Input:
========================================================================
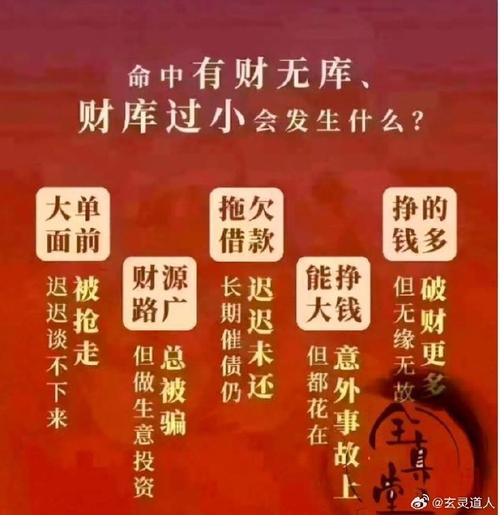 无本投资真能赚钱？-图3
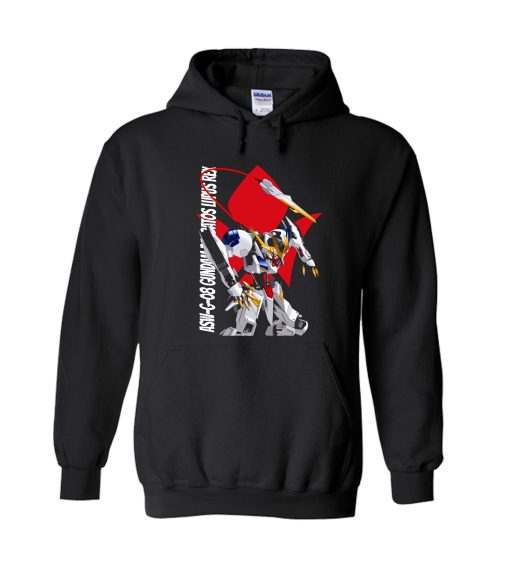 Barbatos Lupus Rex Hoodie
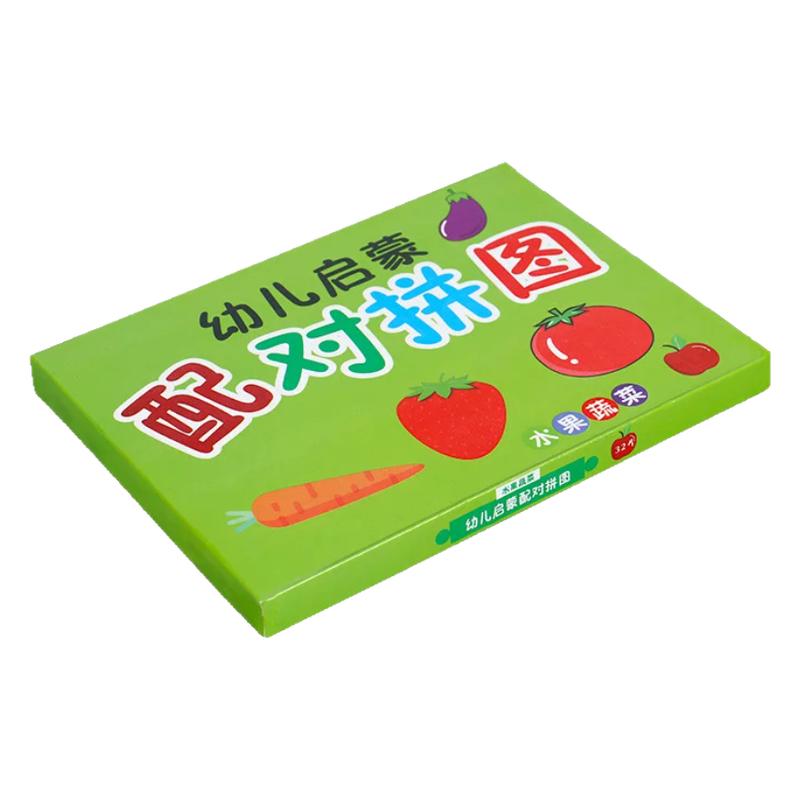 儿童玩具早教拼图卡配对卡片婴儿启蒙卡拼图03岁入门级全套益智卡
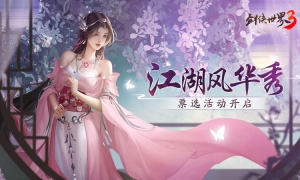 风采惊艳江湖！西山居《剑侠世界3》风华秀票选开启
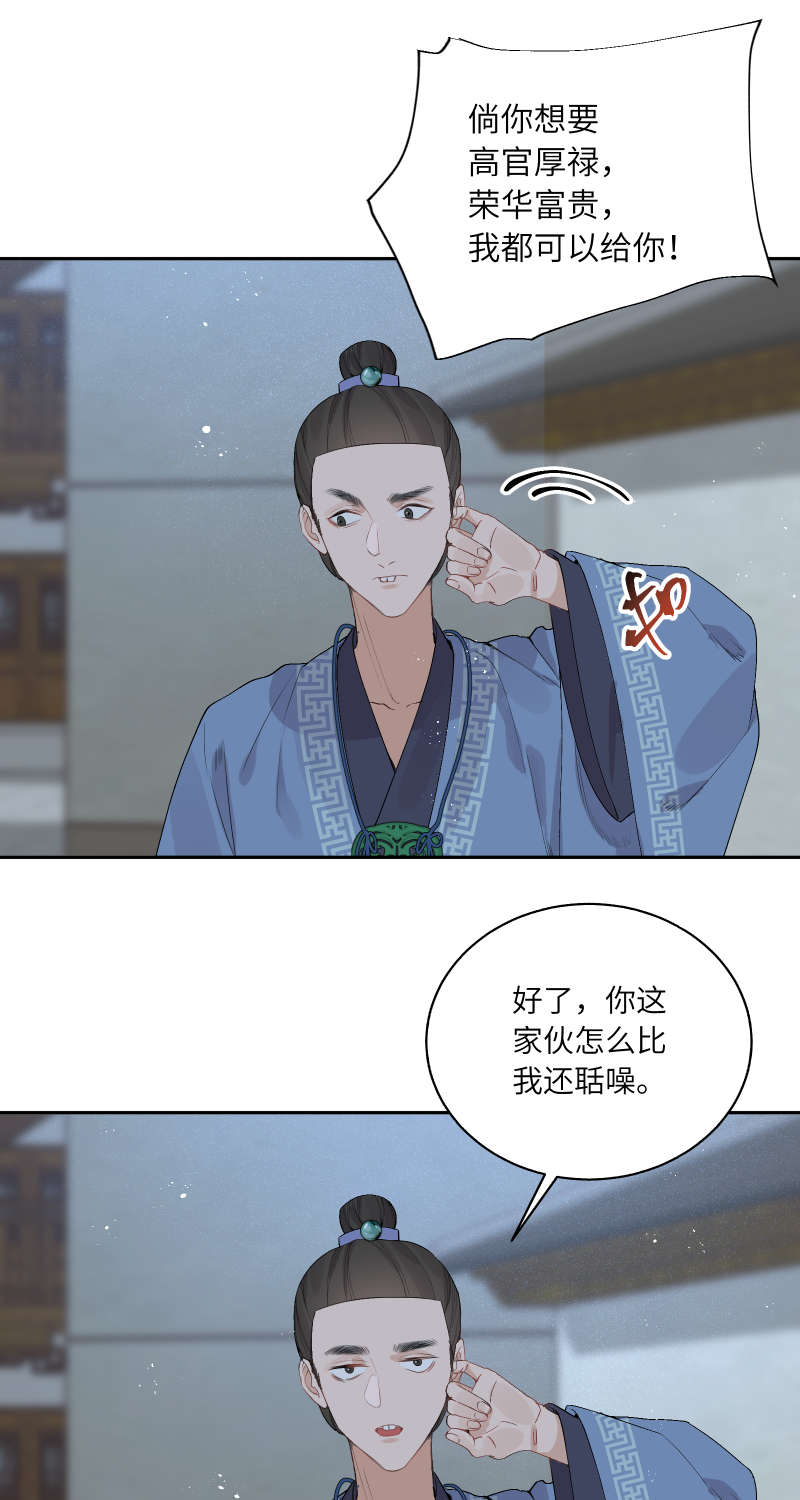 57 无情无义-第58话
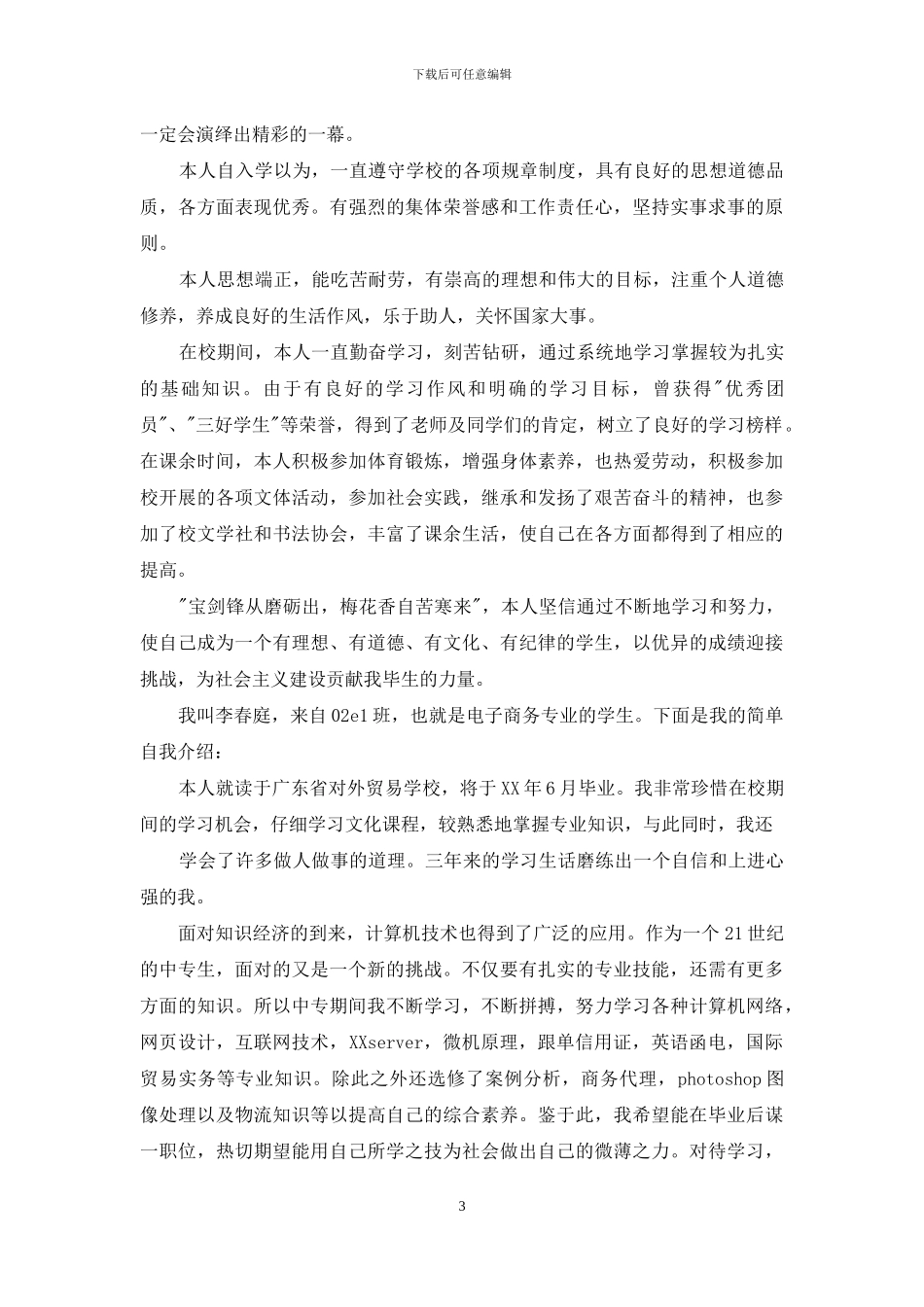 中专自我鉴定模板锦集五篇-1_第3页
========================================================================
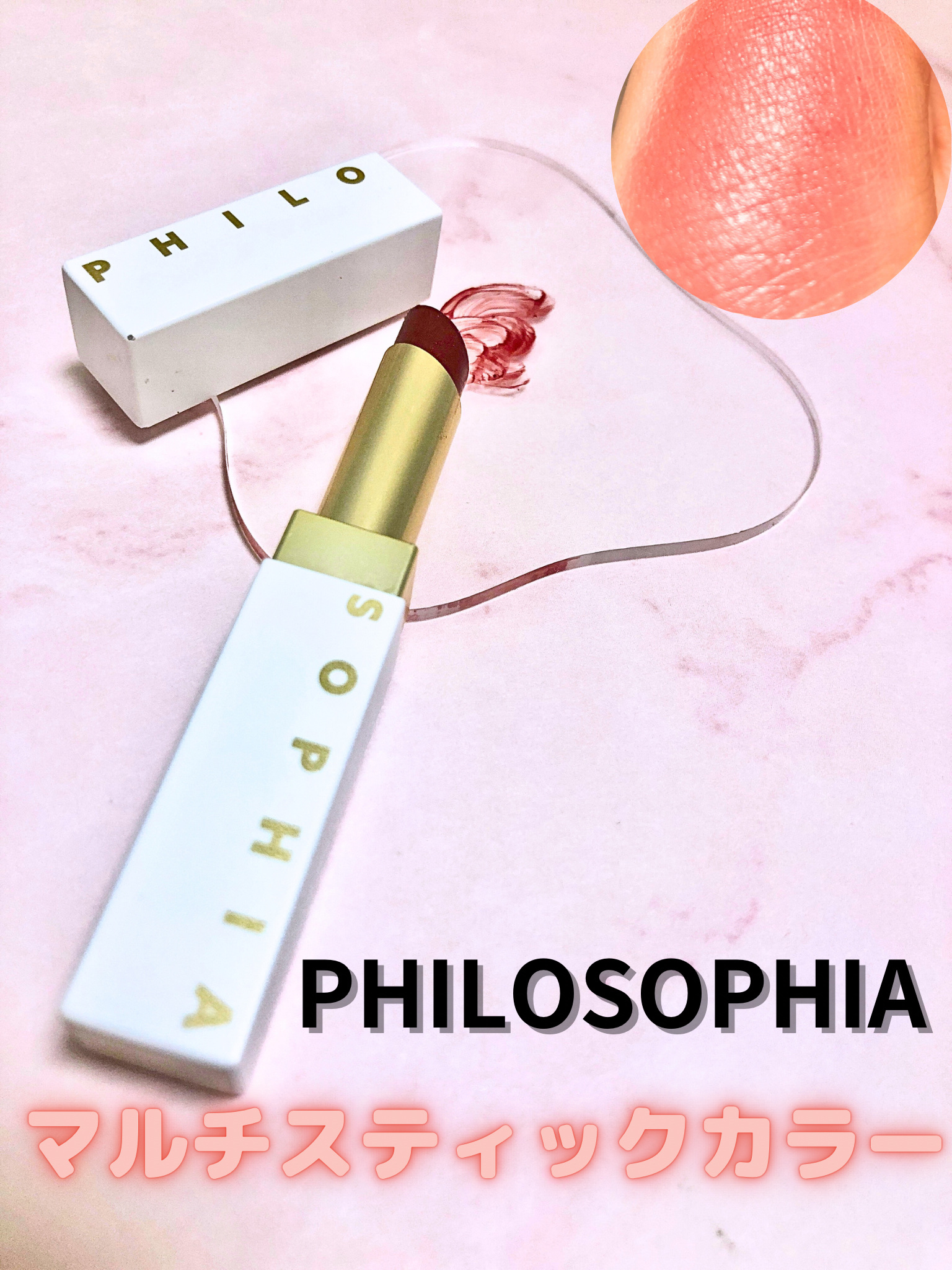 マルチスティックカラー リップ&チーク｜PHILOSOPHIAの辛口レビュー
========================================================================
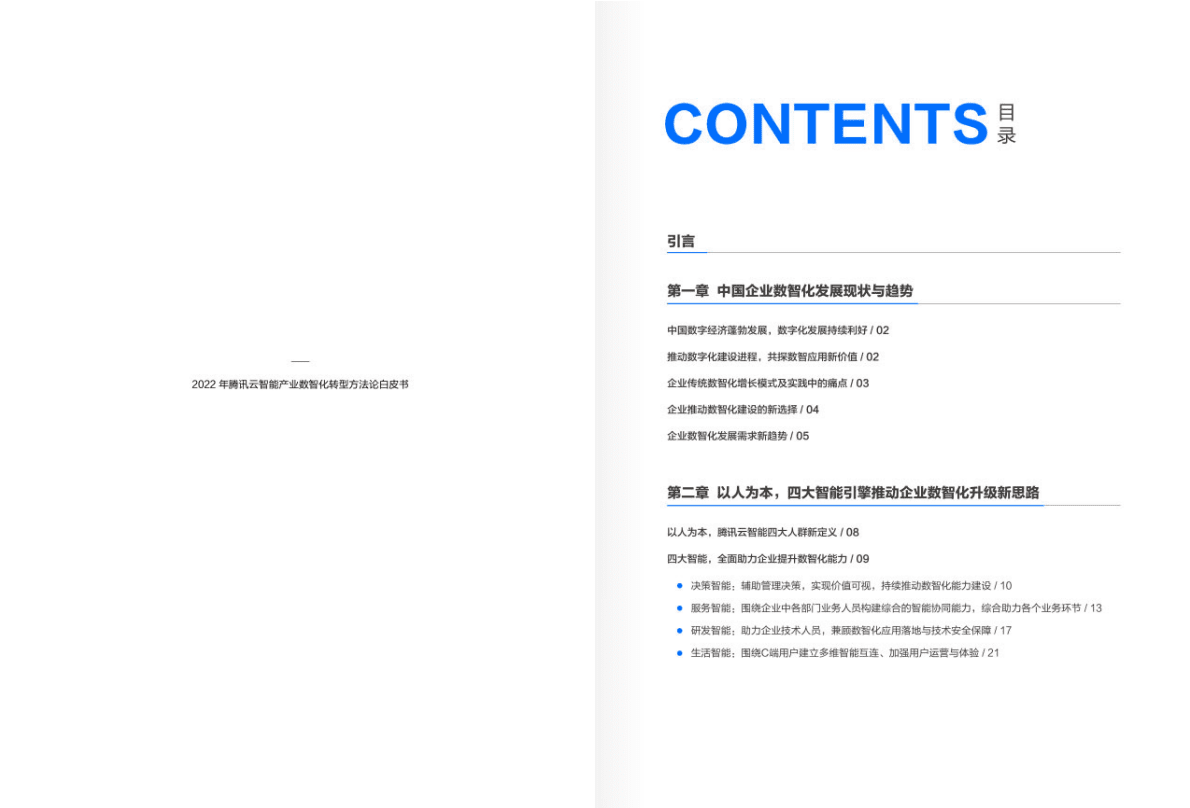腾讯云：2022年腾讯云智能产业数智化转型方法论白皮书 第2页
========================================================================
Your assignment: Go back to the lines above and output, exactly as they stand, the ones from the line containing "无本投资真能赚钱？-图3" to the line containing "中专自我鉴定模板锦集五篇-1_第3页". Leave all pictures behind.

Answer to this problem:
 无本投资真能赚钱？-图3
 Barbatos Lupus Rex Hoodie
 儿童玩具早教拼图卡配对卡片婴儿启蒙卡拼图03岁入门级全套益智卡
 风采惊艳江湖！西山居《剑侠世界3》风华秀票选开启
 57 无情无义-第58话
 中专自我鉴定模板锦集五篇-1_第3页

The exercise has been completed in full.